It Was Young "Shep," the Last of the Morans

She pushed a chair in front of the great fireplace which filled one side of the cabin, and I dropped gladly into it and took off my hat, while she bustled about with hospitable enterprise, heating water and rattling tea-cups. Suddenly she disappeared, and in another instant I heard the despairing, final squawk of an unfortunate hen. I knew that within the hour it would be served to me in a strange dish in which the flavors of burnt feathers and of tough, unseasoned meat would struggle for recognition, and I sighed. But the great logs burning in the old fireplace were good to watch, and their warmth was comforting, for the sun had suddenly gone behind a cloud and an autumn wind had begun to whine around the cabin and in the big chimney.

There were only five pieces of furniture in the room—a narrow, home-made wooden bed occupying one corner, a large spinning-wheel, a pine table, a rough log settle, and the chair in which I sat. At the right of the fireplace a ladder led to a trap-door which evidently opened into a low attic—young Moran's quarters, I assumed. Just outside the open door stood a low, flat-topped tree-trunk, holding a tin basin full of water; a homespun towel on a nail below it testified mutely to its past usefulness. While I was regarding these, the master of the house reappeared, plunged his black head into the basin, flung the water in a spray over his face and hands, wiped them on the towel, and entered the cabin, ready for dinner. His immediate impulse was to attend to the fire, and as he approached it he cast a side glance at me, as shy and curious as that of some half-tamed creature of the open. When he had put on another log he spoke without looking at me, his brown cheeks flushing with the effort.

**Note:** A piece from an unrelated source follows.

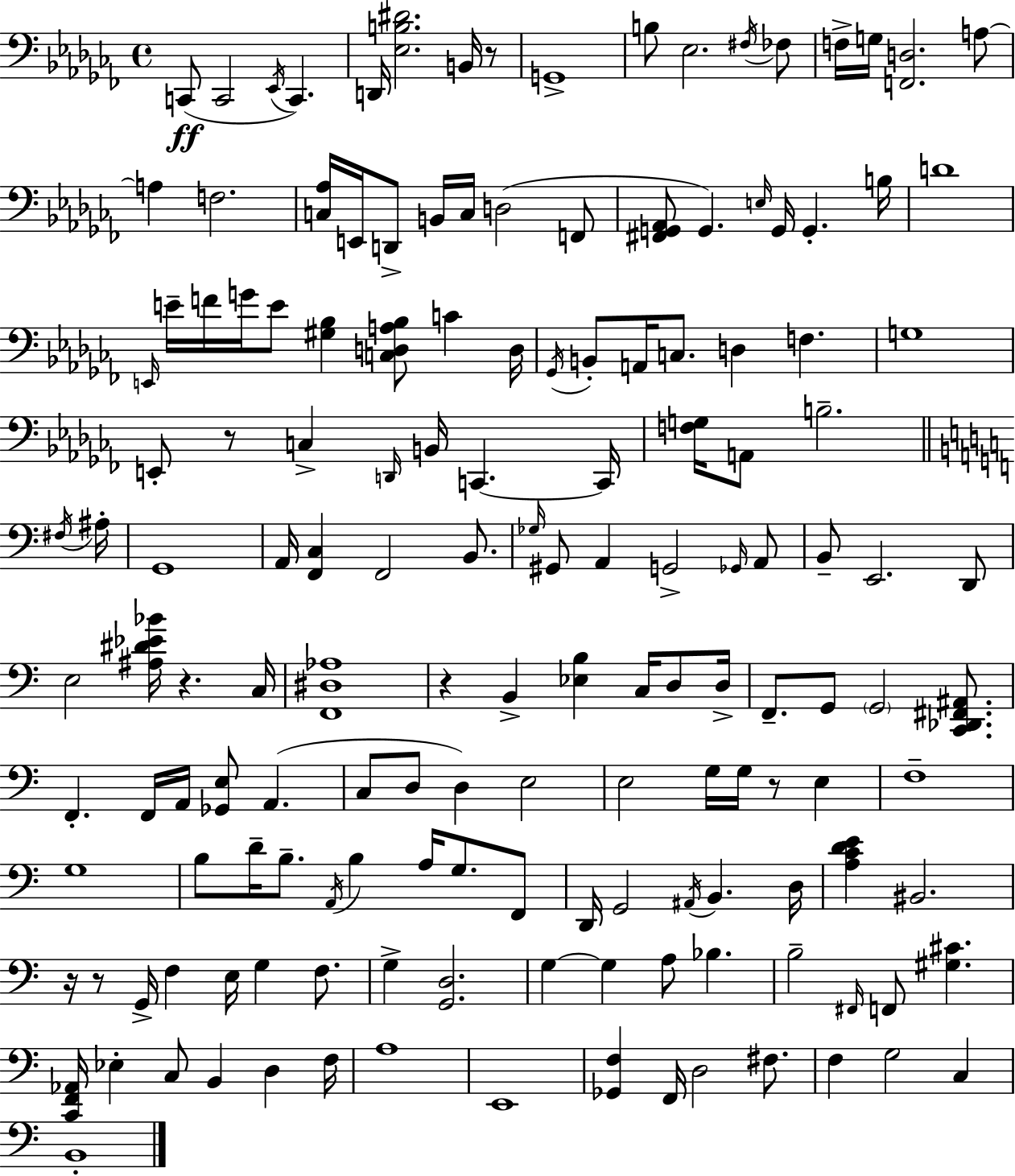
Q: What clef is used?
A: bass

"Done fed th' critter," he announced, laconically.

I thanked him, and mercifully kept my eyes on the fire. For a time he remained there, too, with occasional darting glances at me, which finally, as I seemed unaware of them, settled into a steady and close inspection. I realized what a strange, new type I presented to him—a young woman from New York, wearing a riding-habit and riding-boots, trim and slim and tailor-made. His glance lingered a long time on my hair and my hands. There was nothing offensive about it. At first merely curious, it had finally become reflective and friendly. At last I began to talk to him, and after several false starts he was able to respond, sprawling opposite me on the big settle, his hands clasped behind his curly head, his legs extended toward the fire, while I told him of New York and answered his extraordinary questions.

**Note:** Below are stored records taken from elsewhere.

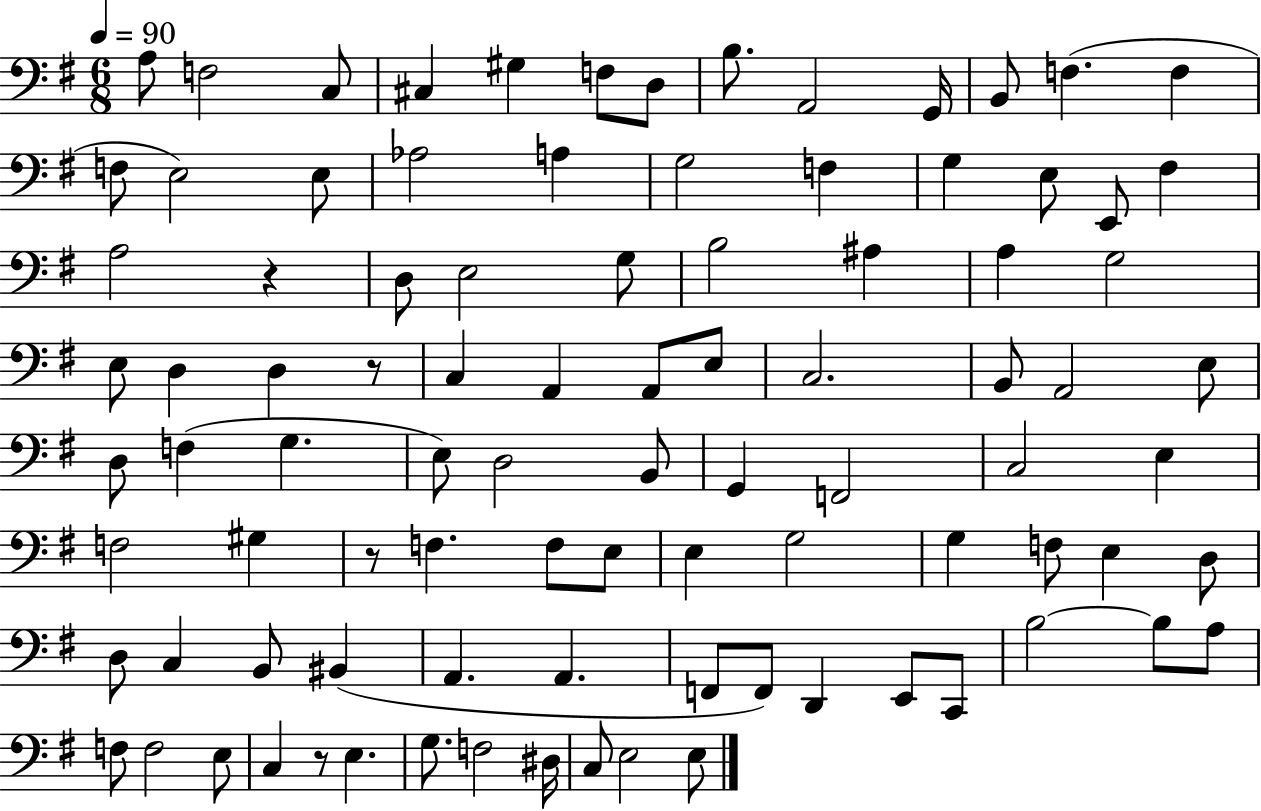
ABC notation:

X:1
T:Untitled
M:6/8
L:1/4
K:G
A,/2 F,2 C,/2 ^C, ^G, F,/2 D,/2 B,/2 A,,2 G,,/4 B,,/2 F, F, F,/2 E,2 E,/2 _A,2 A, G,2 F, G, E,/2 E,,/2 ^F, A,2 z D,/2 E,2 G,/2 B,2 ^A, A, G,2 E,/2 D, D, z/2 C, A,, A,,/2 E,/2 C,2 B,,/2 A,,2 E,/2 D,/2 F, G, E,/2 D,2 B,,/2 G,, F,,2 C,2 E, F,2 ^G, z/2 F, F,/2 E,/2 E, G,2 G, F,/2 E, D,/2 D,/2 C, B,,/2 ^B,, A,, A,, F,,/2 F,,/2 D,, E,,/2 C,,/2 B,2 B,/2 A,/2 F,/2 F,2 E,/2 C, z/2 E, G,/2 F,2 ^D,/4 C,/2 E,2 E,/2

It had seemed somehow fitting that the sun should go behind a cloud when I entered this tragic home; but for a long time there was no intimation in our talk of the other shadows that lay over the cabin, of the bloody trail that led to it, of the tragic row of graves on the hill beside it, or of the bullets that had whispered the failure of their mission in this boy's ears. We were a fairly cheerful company as we drew up to the pine table when the old woman announced dinner, and even the stoic calm of her face relaxed over the story of some of my experiences on the trail with Jef'son Davis. She did the honors of her house a little stiffly, but with dignity; and always, except when she was thus engaged, her black eyes focused on the face of her grandson and clung there, fixed. Her contribution to our talk consisted of two eloquent sentences:

"Sometimes we got but'r," she remarked, as we sat down, "sometimes we hain't. T'day we hain't."

We had, however, the expected chicken, with corn bread and tea, and in the perfect flowering of his hospitality, young Shep Moran heaped these high upon my plate, and mourned when I refused to devour the entire repast. He was chatting now with much self-possession, while under his talk and his occasional shy but brilliant smile his grandmother expanded like a thirsty plant receiving water. He had, he told me proudly, learned to read, and he owned two books—the Bible and some poems by a man named Whittier. He knew most of the poems "by hea't." He had never ridden on a railroad-train, but he could ride any animal that traveled on four legs, and he had heard a fiddle played upon during his one expedition out into the great world—his solitary visit to Jayne's Crossroads, two years before.

When dinner was over he smoked a clay pipe before the fire, and gradually his talk grew more intimate. He and his grandmother were going to leave the cabin, he said, and live on the other side of the mountain. A man had offered him a job in some coal-mines that were being opened up. But he could not go yet—there was something he had to do first. The shadow over the cabin seemed to deepen as he spoke. I knew what he had to do—he had to kill Samuel Tyrrell, who had killed his father. His uncles, his brother, and Samuel Tyrrell's sons had killed one another. There were only himself and Samuel Tyrrell left.